[Data excerpts]

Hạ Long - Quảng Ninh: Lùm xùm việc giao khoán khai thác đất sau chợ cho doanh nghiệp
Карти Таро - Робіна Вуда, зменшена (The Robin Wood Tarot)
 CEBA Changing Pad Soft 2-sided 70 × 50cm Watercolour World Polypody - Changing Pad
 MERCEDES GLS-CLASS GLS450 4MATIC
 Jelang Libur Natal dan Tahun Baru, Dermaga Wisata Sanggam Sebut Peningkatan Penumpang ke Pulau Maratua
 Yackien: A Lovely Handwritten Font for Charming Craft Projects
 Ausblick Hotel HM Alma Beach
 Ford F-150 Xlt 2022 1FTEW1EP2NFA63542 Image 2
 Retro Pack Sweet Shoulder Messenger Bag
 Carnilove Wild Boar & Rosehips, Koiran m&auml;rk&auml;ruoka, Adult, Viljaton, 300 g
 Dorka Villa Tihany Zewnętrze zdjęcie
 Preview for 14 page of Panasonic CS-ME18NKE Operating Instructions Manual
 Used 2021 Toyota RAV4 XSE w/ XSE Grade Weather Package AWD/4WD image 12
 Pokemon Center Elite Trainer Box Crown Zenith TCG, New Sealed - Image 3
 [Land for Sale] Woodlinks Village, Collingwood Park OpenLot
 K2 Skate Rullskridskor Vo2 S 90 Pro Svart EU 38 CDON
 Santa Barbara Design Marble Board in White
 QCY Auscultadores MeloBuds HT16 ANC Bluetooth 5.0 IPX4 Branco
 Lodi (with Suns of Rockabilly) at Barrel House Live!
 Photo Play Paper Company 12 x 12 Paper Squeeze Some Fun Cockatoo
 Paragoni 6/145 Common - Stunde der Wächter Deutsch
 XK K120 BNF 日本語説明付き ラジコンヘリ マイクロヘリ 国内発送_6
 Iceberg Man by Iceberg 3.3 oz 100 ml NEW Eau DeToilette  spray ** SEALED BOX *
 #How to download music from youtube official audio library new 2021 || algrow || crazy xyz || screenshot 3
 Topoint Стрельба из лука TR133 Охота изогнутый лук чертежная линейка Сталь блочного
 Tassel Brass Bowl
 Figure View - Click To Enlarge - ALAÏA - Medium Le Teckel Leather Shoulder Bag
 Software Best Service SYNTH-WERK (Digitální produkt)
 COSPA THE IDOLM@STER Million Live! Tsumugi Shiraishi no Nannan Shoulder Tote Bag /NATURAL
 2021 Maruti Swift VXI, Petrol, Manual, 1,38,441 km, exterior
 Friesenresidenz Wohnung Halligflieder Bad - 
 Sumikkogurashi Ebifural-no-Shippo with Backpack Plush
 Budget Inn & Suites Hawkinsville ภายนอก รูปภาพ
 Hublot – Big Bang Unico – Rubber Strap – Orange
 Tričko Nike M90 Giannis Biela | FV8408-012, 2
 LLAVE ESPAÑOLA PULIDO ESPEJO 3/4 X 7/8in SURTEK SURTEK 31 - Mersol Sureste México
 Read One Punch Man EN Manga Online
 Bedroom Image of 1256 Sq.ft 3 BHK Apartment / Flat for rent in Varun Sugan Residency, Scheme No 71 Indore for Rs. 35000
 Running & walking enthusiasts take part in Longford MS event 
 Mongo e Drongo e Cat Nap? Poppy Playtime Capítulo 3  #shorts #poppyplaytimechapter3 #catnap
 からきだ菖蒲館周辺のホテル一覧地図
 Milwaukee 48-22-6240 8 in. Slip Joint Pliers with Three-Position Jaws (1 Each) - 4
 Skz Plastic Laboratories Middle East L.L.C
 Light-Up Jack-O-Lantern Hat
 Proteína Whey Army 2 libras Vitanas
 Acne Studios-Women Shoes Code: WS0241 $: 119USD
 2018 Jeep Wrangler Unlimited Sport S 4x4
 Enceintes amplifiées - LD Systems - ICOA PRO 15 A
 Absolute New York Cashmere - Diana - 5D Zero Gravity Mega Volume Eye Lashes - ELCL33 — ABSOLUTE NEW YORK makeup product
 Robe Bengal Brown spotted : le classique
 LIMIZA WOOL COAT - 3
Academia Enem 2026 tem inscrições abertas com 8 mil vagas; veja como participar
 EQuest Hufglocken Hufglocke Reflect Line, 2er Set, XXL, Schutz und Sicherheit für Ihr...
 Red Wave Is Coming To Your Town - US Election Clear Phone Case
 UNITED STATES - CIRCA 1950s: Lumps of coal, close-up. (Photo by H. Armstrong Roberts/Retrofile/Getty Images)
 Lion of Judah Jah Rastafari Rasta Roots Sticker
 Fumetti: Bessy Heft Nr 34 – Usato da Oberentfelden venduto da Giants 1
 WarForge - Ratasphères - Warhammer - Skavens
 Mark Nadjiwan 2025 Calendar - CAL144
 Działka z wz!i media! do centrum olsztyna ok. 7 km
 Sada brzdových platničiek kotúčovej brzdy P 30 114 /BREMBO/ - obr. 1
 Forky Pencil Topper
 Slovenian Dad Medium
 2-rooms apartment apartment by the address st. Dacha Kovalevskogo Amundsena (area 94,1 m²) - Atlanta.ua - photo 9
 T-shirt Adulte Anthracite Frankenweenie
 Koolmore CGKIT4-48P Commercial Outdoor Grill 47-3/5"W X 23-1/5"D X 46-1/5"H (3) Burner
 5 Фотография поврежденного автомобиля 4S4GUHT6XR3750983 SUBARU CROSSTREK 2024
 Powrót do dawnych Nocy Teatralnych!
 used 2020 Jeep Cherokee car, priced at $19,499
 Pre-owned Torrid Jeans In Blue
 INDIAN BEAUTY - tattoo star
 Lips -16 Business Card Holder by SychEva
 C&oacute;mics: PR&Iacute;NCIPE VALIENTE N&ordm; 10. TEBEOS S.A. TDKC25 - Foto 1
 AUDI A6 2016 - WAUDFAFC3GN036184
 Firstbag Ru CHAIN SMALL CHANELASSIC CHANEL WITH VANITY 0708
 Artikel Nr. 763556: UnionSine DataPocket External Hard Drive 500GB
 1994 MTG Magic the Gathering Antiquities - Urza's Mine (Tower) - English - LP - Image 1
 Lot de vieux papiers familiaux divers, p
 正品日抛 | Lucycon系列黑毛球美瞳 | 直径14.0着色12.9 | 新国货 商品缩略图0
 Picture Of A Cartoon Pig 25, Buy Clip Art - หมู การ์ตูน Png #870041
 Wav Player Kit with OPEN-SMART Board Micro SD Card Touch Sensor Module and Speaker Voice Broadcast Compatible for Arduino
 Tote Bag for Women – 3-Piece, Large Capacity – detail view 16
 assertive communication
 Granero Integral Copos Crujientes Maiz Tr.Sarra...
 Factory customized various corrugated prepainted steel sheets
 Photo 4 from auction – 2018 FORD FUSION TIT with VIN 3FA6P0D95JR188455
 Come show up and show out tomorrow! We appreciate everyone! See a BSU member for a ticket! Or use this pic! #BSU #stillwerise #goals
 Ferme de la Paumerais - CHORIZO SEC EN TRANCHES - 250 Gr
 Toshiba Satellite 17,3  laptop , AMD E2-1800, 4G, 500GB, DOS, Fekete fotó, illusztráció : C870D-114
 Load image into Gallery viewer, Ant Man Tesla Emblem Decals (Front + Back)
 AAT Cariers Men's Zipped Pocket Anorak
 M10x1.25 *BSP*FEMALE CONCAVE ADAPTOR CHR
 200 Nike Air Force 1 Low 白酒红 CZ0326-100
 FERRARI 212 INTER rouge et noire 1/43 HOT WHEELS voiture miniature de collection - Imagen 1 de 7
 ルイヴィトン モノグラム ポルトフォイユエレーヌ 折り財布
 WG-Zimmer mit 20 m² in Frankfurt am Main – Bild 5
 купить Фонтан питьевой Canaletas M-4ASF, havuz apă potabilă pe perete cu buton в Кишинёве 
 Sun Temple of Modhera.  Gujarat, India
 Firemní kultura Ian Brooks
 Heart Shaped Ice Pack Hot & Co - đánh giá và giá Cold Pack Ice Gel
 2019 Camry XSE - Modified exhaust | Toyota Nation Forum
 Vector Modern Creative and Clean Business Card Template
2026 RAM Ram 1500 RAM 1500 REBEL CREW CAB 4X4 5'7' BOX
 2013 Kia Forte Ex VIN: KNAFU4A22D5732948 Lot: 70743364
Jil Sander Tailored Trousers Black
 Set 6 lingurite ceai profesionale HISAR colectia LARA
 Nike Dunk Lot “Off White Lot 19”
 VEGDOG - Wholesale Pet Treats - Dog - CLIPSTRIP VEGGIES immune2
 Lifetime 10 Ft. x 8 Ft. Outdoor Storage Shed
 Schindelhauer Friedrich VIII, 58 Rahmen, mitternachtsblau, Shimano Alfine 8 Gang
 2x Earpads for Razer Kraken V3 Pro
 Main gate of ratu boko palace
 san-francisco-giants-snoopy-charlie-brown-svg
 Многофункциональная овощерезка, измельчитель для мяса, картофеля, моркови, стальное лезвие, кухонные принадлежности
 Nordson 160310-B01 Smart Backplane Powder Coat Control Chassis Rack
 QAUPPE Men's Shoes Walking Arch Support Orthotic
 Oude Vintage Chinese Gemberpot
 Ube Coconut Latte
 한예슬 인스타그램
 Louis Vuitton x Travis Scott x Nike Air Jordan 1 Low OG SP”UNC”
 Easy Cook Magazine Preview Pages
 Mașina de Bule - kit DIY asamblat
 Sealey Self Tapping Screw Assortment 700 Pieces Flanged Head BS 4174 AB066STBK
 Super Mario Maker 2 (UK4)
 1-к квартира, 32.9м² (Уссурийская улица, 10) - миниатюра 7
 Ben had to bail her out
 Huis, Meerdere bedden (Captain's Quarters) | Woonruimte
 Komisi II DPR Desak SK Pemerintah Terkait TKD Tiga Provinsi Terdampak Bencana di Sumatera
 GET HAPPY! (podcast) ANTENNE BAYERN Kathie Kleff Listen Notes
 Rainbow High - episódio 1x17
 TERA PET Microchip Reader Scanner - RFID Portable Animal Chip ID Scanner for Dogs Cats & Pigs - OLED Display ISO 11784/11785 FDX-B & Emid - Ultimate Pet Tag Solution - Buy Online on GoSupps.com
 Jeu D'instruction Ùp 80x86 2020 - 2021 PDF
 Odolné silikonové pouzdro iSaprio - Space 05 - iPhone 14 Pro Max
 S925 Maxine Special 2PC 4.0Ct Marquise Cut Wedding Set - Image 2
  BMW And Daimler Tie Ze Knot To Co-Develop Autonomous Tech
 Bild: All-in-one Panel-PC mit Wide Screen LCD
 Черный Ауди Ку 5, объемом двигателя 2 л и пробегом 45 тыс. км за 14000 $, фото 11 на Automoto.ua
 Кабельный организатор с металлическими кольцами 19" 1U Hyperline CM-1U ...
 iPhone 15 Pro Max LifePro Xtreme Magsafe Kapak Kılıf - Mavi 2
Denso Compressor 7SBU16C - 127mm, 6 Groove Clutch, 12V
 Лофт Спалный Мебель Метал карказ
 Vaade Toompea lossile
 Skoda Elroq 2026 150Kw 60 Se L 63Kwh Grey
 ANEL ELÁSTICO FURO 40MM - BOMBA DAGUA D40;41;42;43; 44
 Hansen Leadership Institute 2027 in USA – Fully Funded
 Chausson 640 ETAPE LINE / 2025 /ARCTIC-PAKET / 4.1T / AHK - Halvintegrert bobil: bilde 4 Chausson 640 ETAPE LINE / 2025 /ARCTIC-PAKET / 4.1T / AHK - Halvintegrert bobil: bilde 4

● **TASK STATEMENT**:
Using the data above, repeat exactly the lines that begin at the line with "Ferme de la" and end at the line with "ルイヴィトン モノグラム ポルトフォイユエレーヌ 折り財布", both ends included.

● **TASK RESPONSE**:
 Ferme de la Paumerais - CHORIZO SEC EN TRANCHES - 250 Gr
 Toshiba Satellite 17,3  laptop , AMD E2-1800, 4G, 500GB, DOS, Fekete fotó, illusztráció : C870D-114
 Load image into Gallery viewer, Ant Man Tesla Emblem Decals (Front + Back)
 AAT Cariers Men's Zipped Pocket Anorak
 M10x1.25 *BSP*FEMALE CONCAVE ADAPTOR CHR
 200 Nike Air Force 1 Low 白酒红 CZ0326-100
 FERRARI 212 INTER rouge et noire 1/43 HOT WHEELS voiture miniature de collection - Imagen 1 de 7
 ルイヴィトン モノグラム ポルトフォイユエレーヌ 折り財布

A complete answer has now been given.